Common Design Decisions

Multiple Email Addresses

There is a special Core Vocaulary for mapping multiple Email Addresses instead of having to map just one. It is the CluedIn.Core.Data.Vocabularies.CluedInOrganization.EmailAddresses

Integrating Databases with Seed Identity

It is quite normal for Databases to generate Identifiers for records starting from the Id of 0 and then incrementing this Id for every new record by 1. This might lead you to think that this will not be a unique reference to a record, but rest assured that it can be. If you need to create an Entity Code out of this record, you have to remember that this Entity Code will also contain a Entity Type, Code Origin and an Identifier.

Flattening Records

Without a doubt, if two clues or entities have the same Entity Code then they will be flattened into the same record and will have the history of both clues contained within it. It can sometimes be hard to determine if records should flatten or not, but this is more a business based decision than a technical one.

Build Hierarchies or not?

There are many times where you will have data that has a hierachy to it. For example, imagine a company that has a parent or mother company. If we had the same Entity Codes for these 2 records then CluedIn will treat these as the same company. This is not always the intention of your data project. The other option is to create hierarchies where if these two company objects need to be linked, instead of merged - you will often need to look at creating edges between these objects instead of entity codes.

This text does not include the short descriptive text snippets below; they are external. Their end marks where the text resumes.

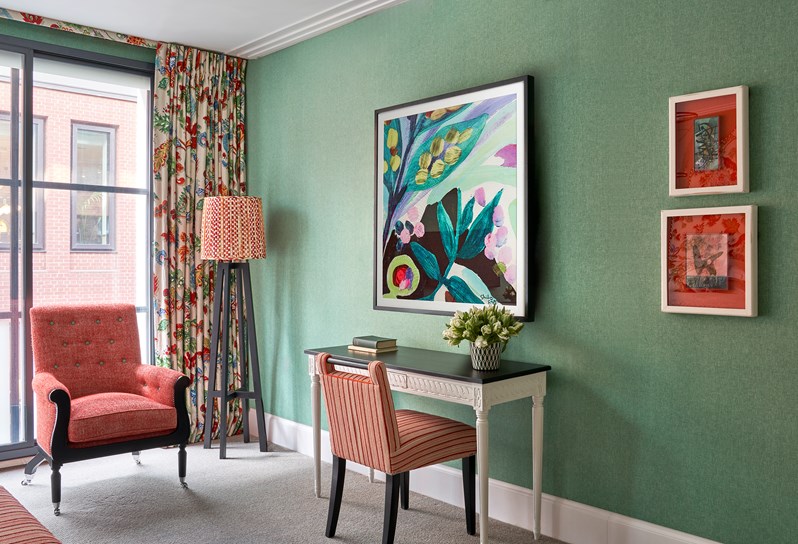 A seating area and original artwork in the bedroom with green wallpaper, as well as a with designed lamps, a chair and a  desk, and an artistic painting.
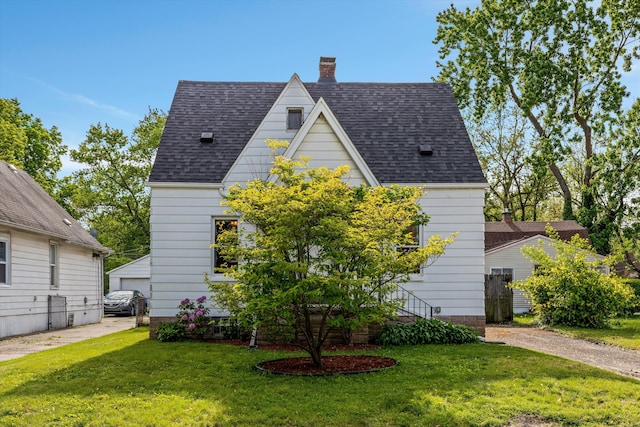 19319 Centralia, Redford, MI 48240 - view of front of house featuring a front lawn, a chimney, and roof with shingles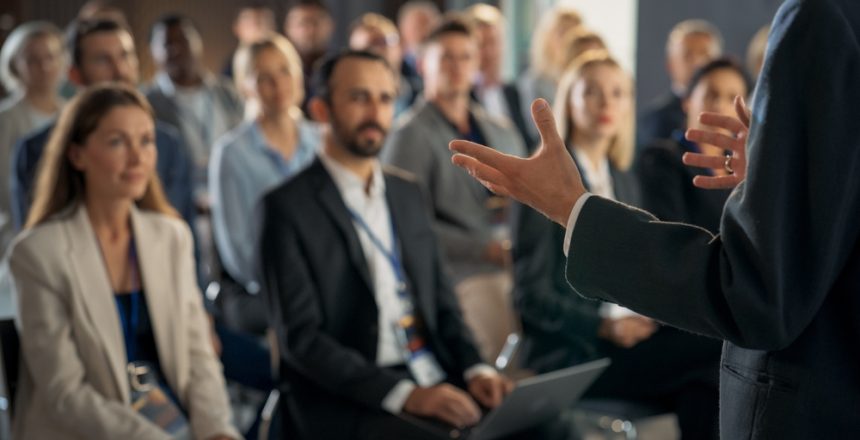 Back,View,Of,Environment,Specialist,Gesturing,And,Presenting,To,Audience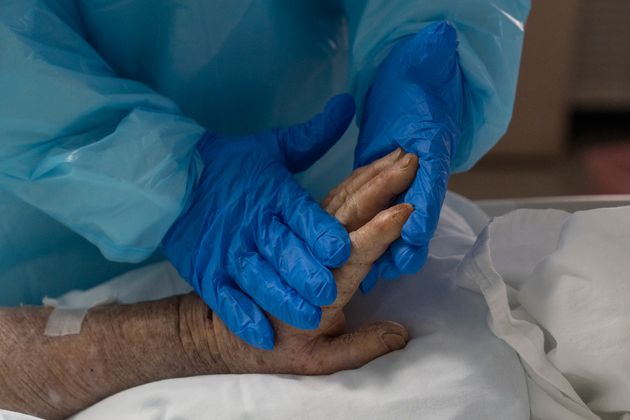 2020년 11월 25일 텍사스주 휴스턴에 있는 유나이티드 메모리얼 메디컬 센터의 코로나19 중환자실에서 의료진이 코로나19로 고통받는 환자의 손을 부드럽게 마사지하고 있다.
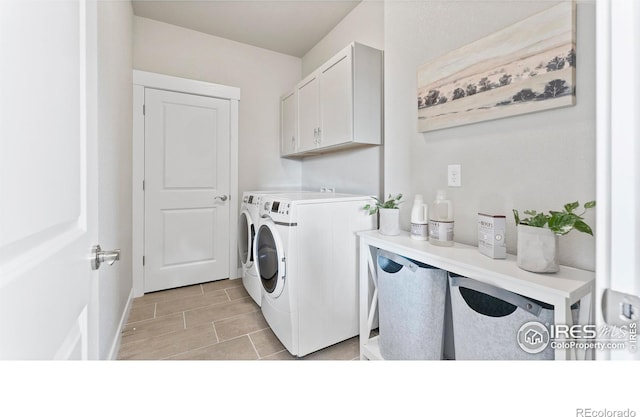 laundry room with cabinet space and independent washer and dryer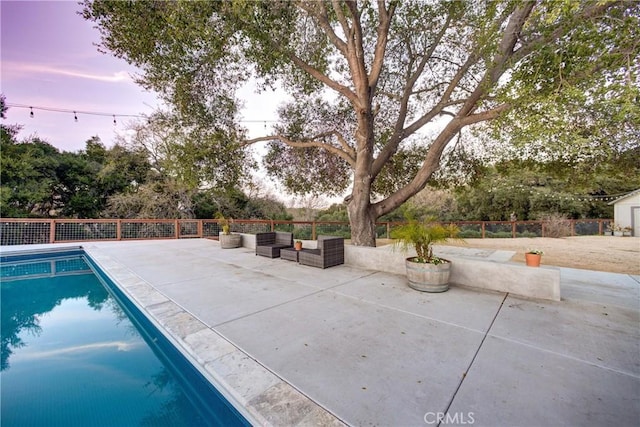 pool at dusk featuring a fenced in pool, a patio area, and fence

The most common use-cases with hierarchies is typically for companies and people. When it comes to companies, you can have a varied detail of hierarchy, but the following is what CluedIn usually includes:

  • Ultimate Parent—The very top company listed in a company hierarchy and the ultimate controlling company within a corporate structure.

  • Parent—The top tier within an organization but may not be the “ultimate parent.” It should have other companies reporting to it, and would itself report to another legal entity. In many cases the terms, “parent” and “ultimate parent” are used synonymously.

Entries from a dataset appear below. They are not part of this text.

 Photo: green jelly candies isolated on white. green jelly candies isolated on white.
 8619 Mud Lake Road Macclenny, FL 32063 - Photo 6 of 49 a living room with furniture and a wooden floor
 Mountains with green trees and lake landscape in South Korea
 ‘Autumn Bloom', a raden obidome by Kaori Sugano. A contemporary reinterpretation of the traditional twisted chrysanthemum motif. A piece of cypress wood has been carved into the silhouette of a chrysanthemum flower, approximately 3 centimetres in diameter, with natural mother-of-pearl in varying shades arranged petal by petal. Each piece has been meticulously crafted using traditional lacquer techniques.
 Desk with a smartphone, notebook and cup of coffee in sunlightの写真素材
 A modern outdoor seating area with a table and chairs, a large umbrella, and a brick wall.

  • Subsidiary—Separate corporate legal entity owned by the company at 50.1% or more.

  • Joint Venture—A business in which two or more companies share responsibility and ownership.

  • Affiliate—A separate legal entity in which there is an ownership interest by the parent company of less than 50%.

  • Division, Unit, Factory or Plant—An internal unit of a company, not incorporated or a separate legal entity. Usually tends to have many employees.

  • Branch—An internal unit of a company, not incorporated or a separate legal entity. Usually tends to have a small number of employees.

  • Group—Corporate classification grouping “like” industries or businesses,

  • Holding—A business whose voting stock is owned to influence its board, policies, and management.

  • Non–Operating Entities (Shells)—Legal non-operating entities (displayed at the bottom of its immediate parent’s hierarchy).

How to you build these hierachies in CluedIn?

There are some easy, easier and harder approaches that you can take. If you enable our Duns and Bradstreet, Lexis Nexus or Open Corporates external search providers then CluedIn will use this to be able to build hierarchies. The next approach is to handle this all manually which mappings of edges between companies if you already have this data and hierachy in your own data. The other is to use CluedIn’s fuzzy-linking engine to build the hierarchies automatically for you.